Consider the fraction, n/d, where n and d are positive integers. If n<d and HCF(n,d)=1, it is called a reduced proper fraction.

If we list the set of reduced proper fractions for d ≤ 8 in ascending order of size, we get:

1/8, 1/7, 1/6, 1/5, 1/4, 2/7, 1/3, 3/8, 2/5, 3/7, 1/2, 4/7, 3/5, 5/8, 2/3, 5/7, 3/4, 4/5, 5/6, 6/7, 7/8

It can be seen that 2/5 is the fraction immediately to the left of 3/7.

By listing the set of reduced proper fractions for d ≤ 1,000,000 in ascending order of size, find the numerator of the fraction immediately to the left of 3/7.

1. 欧拉项目第71道题 : 有序的分数

考虑分数n/d,分子n 和 分母d 是正整数。 如果 n<d且n与d互质(n和d的最大公约数是1),分数n/d被叫做最简真分数。

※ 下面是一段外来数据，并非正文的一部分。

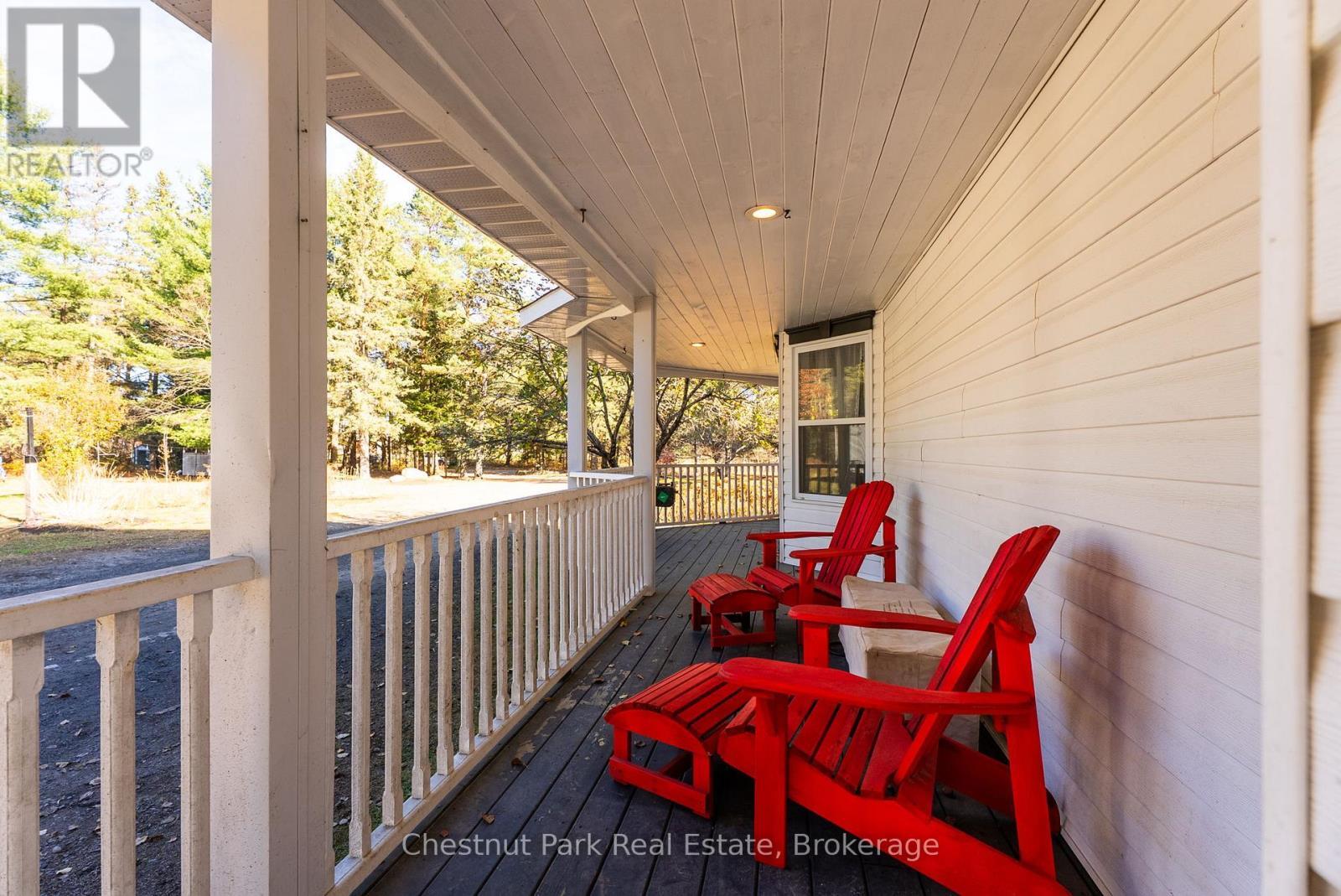 75 Pond Crescent, Huntsville (Chaffey), ON - Outdoor With Exterior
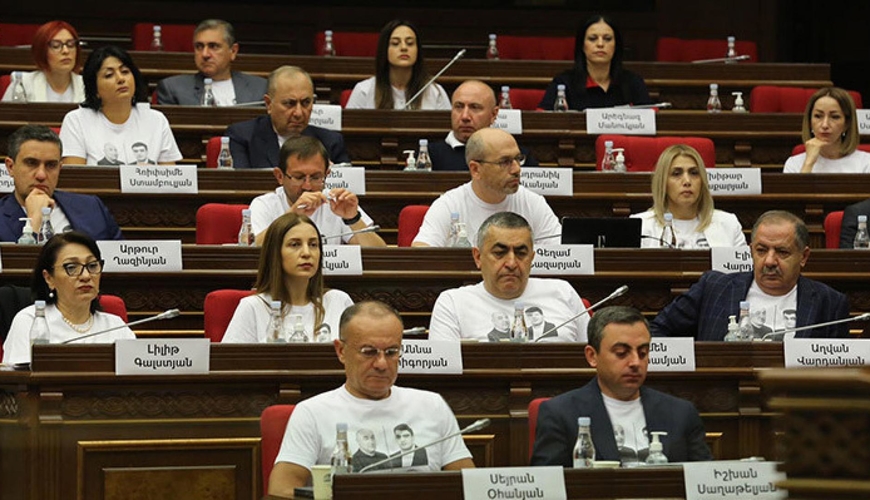 Ermənistan parlamentində şok – 153 deputat...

如果我们按分数的大小的升序列出 d ≤ 8 的最简真分数的集合,则得到
1/8, 1/7, 1/6, 1/5, 1/4, 2/7, 1/3, 3/8, 2/5, 3/7, 1/2, 4/7, 3/5, 5/8, 2/3, 5/7, 3/4, 4/5, 5/6, 6/7, 7/8

可以看出,2/5是紧靠3/7的左边的分数。

按大小的升序列出 d ≤ 1,000,000 的最简真分数,找出紧靠3/7的左边的分数的分子。

2. 求解分析

最简真分数n/d: 分子n小于分母d 且分子n和分母d互质。

这个集合有非常多的分数,紧靠3/7的左边的分数有什么特点呢?找出这个特点的话,这道题就能够解答。n/d = 3/7,n = 3d/7, 那么 n’ = (3d-1)/7, 如果n’/d被判断是最简真分数的话,n’/d 就是紧靠3/7的左边的分数,然后,我们从2到max_d枚举,找到分数值最大的那个分数n’/d,就是紧靠3/7的左边的分数。

3. C++ 代码实现

C++代码

#include <iostream>
#include <cassert>

using namespace std;

typedef struct _Fraction 
{
    int n;         // numerator
    int d;         // denominator
    double value;  // n/d
} Fraction;

class PE0071
{
private:
    int HCF(int m, int n) { return (n==0) ? m : HCF(n,  m%n); }

    //  if n<d and HCF(n,d)=1, it is called a reduced proper fraction.
    bool checkReducedProperFraction(int n, int d)
    {
        if (n < d && 1 == HCF(n, d))
        {
            return true;
        }
        return false;
    }
    
public:
    Fraction findReducedProperFractions(int max_d);
};


Fraction PE0071::findReducedProperFractions(int max_d)
{
    Fraction fr;
    Fraction fr_left;

    fr_left.n = 1;
    fr_left.d = max_d;
    fr_left.value = (double)1.0/(double)max_d;

    for(int d=3; d<=max_d; d++)
    {
        int n = (3*d-1)/7;
        if (true == checkReducedProperFraction(n, d))
        {
            fr.n = n;
            fr.d = d;
            fr.value = (double)n/(double)d;

            if (fr.value > fr_left.value)
            {
                fr_left = fr;
            }
        }
    }

    return fr_left;
}

int main()
{
    PE0071 pe0071;

    Fraction fr = pe0071.findReducedProperFractions(8);

    assert(2 == fr.n && 5 == fr.d);

    int max_d = 1000000;

    fr = pe0071.findReducedProperFractions(max_d);

    cout << "For d <= " << max_d << ", " << fr.n << "/" << fr.d;
    cout << " is the fraction immediately to the left of 3/7." << endl;
    
    return 0;
}

4. Python 代码实现

Python 代码

def HCF(a, b):
    """
    Compute the greatest common divisor of a and b. Examples:
    >>> HCF(14, 15)    #co-prime
    1
    """
    while b != 0:
        (a, b) = (b, a % b)
    return a

def checkReducedProperFraction(n, d):
    if n < d and 1 == HCF(n, d):
        return True
    return False

def findReducedProperFractions(max_d):
    fr_left = (1, max_d, 1/max_d)

    for d in range(3, max_d+1):
        n = (3*d-1)/7
        if True == checkReducedProperFraction(n, d):
            fr = (n, d, n/d)

            if fr[2] > fr_left[2]:
                fr_left = fr

    return fr_left

def main():

    fr = findReducedProperFractions(8)
    assert 2 == fr[0] and 5 == fr[1]

    max_d = 10**6
    fr = findReducedProperFractions(max_d)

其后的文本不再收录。